Yes.
OK you can all go home now.
But speaking personally , instead of on behalf of the ventriloquist, I must admit I am a narcissist even though I prefer roses. Does one have to love oneself to be a Tgirl?
I love looking in the mirror even when I am in drab. So do I fancy myself?
Not really. I just can't help appreciating how good I look as a man.
As a woman I would make Felicity Hoffman look absolutely stunning and this girl:

very feminine. Yet I persist in wanting to act and look like a woman.
I would have been happier to have been born a woman. As it is I am (in my own opinion) an attractive fellow. And I'm always right. So I'm beginning to appreciate that I wasn't born an ugly bloke . Then I wonder, how would I feel if I had been born an ugly woman?
I guess the answer is I would make every effort to enhance any of my looks by hook or by crook, accept that looks are not everything and enjoy being a woman.
As a man who looks very masculine it doesn't make sense that I want to dress as and do all the things women like to do. But I do. You don't make a conscious decision: " I want to be a transvestite" and you would fight against it initially as it does not seem right. I just have this burning desire which funnily enough seems my more natural self. I sometimes think it is a curse. It is only when I contact other trannies that I feel its O.K. and that I should enjoy it. Having to hide it most of the time makes it worse but that's my choice and I have reasons for it.

I just wish we weren't under such horrific pressure to conform by the bigots of society. I feel a real fraud in not letting the female in me out more often. The media like to treat transgendered people as objects of derision or even as a danger to society.
The more I read and hear about it,it seems that the population in general, in the U.K. at least is starting to become more understanding of transgendered people.
Roll on the day when a man can wear a dress or skirt without being treated as asomething to be laughed at or even a sexual pervert.
Getting back to my unifying theme, I think all trannies are narcissists. Then again most women are narcissist. So its OK . I shouldn't feel guilty. We are all different.
3 comments:
Hi Julie, it's weird - but that's human diversity for you. I think everyone is different, maybe there isn't any pattern. I can only tell you about my own situation.
I'm someone with strong feminine leanings. But I was brought up, just after the war, in a household where for a long time I was the only child and were I was expected to be an instant warrior - tough, aggressive, self-contained, masterful. At the same time any hint of softness or femininity was suppressed - sometimes quite brutally.
The result was I felt deeply inadequate that I couldn't meet parental expectations. I also felt guilty and ashamed at liking things that girls liked.
While I grew up physically, my emotional development was stunted.
My adult mind (which was perhaps three-quarters female) had been suppressed and I was left with only an immature male part of my brain with which to relate to the world. So I never grew into a proper adult, was always dysfunctional. Always under-achieved.

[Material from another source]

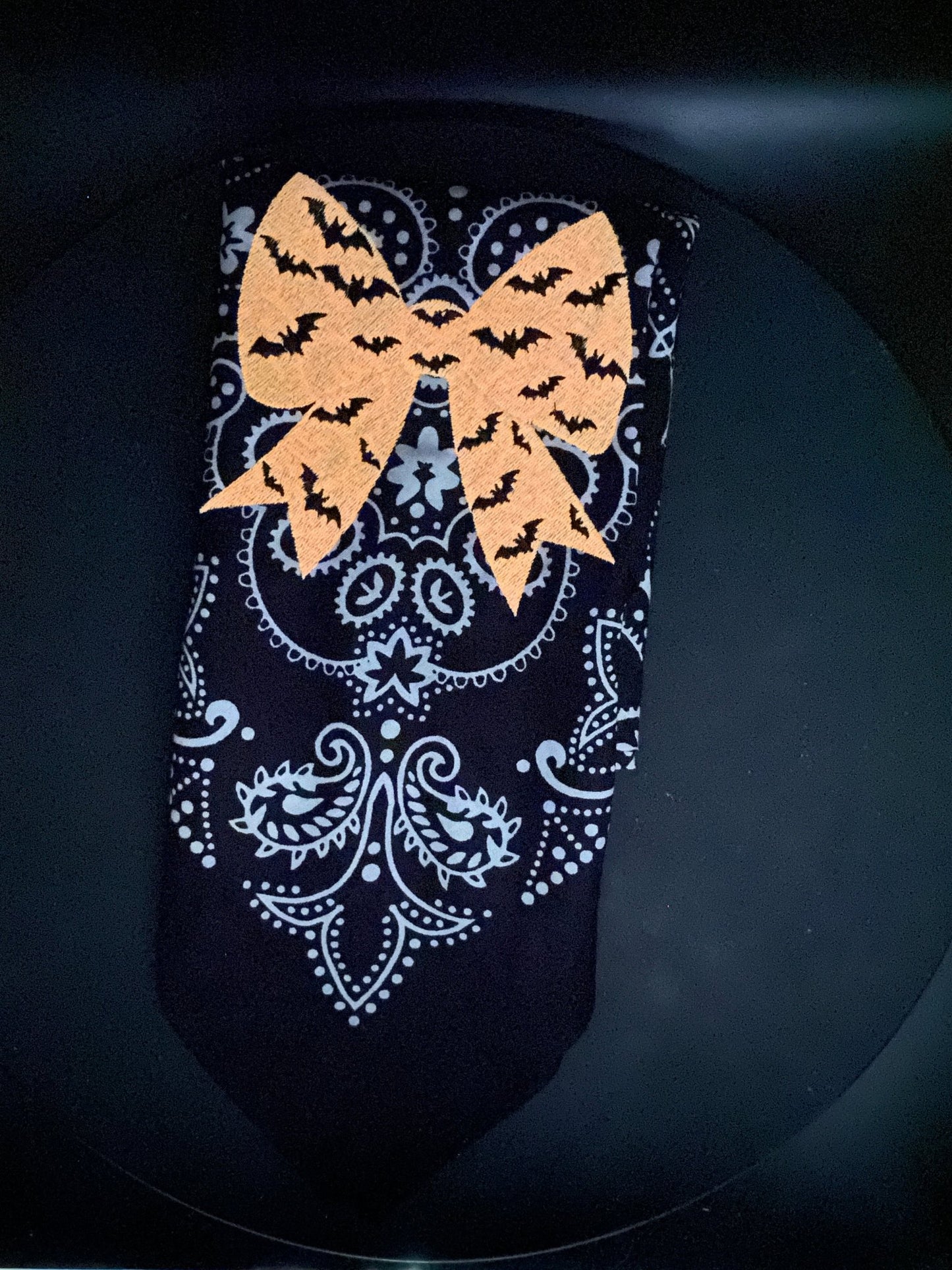 Bat Bow Glow Bandana – Black Texas Paisley with Glow - in - the - Dark Bow - West & Remount Custom Apparel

It has taken me 50 years or so to work out the problem. Now I need to bring out my female side in order to reintegrate the split male and female sides of my personality. As my adult seems to lie in the female side I need to become female, mentally, to move forward. This I am on the way to doing, little by little.
I am not so concerned about becoming physically female. But that is part of the package. Of course I would like to have a beautiful female body - but I would far rather liberate my mind - be fully a woman in my head (or really just be 'me' in my head) - and then I can choose how to present myself physically to the world - man, woman or the sort of eccentric intersexed state that I spend most of my time in but which is just about recognisably male.
As for now I feel I am living through new teenage years - discovering myself in a way that I should have been doing back in the sixties. Who am I etc? It is rather fun.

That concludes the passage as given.